Buildings constructed from robust materials that withstand the elements and occupant use for a very long time, are often prime candidates for refurbishment and continued service. Buildings constructed from precast concrete fit these criteria. A precast interior frame of a building can have a life expectancy of hundreds of years.
Adaptability is a key factor underlying the ultimate service life of a building. If a building is designed so that the interior of the building can be changed without major demolition, the building can have a long life. Long spans, common in precast prestressed structures, are one way of assisting the adaptability of buildings. Increasing the load carrying capacity of precast floor systems is not expensive and can extend the useful life of a building by providing flexibility for future conversion to other uses. Secondary installations, such as precast concrete mezzanine floors in industrial buildings, can be installed, or removed, when occupancy requirements change.
Precast buildings can also be disassembled and rebuilt at other locations, providing another means of extending service life.
At the end of a building’s useful life, 100% of concrete demolition waste can be recycled. After removal of the reinforcement, concrete can be crushed to produce aggregates that are primarily used in pavement construction, as granular sub-base, lean-concrete sub-base, and soil-cement aggregates. Recycled concrete has also been used on a limited scale as replacement aggregates in new concrete production.

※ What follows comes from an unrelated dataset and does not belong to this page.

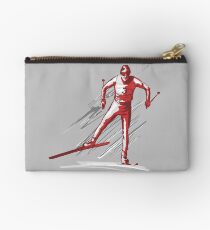 cross-country skiing Studio Pouch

Recycled concrete aggregates have a higher absorption and lower specific gravity than conventional aggregates. Concrete made with recycled coarse aggregates and conventional fine aggregates can obtain adequate compressive strength. The use of recycled fine aggregates can result in minor reduction of compressive strength. The drying shrinkage and creep is up to 100% higher than concrete with corresponding amounts of conventional aggregates. For these reasons, large scale use of recycled aggregate concrete has not yet been achieved in Canada.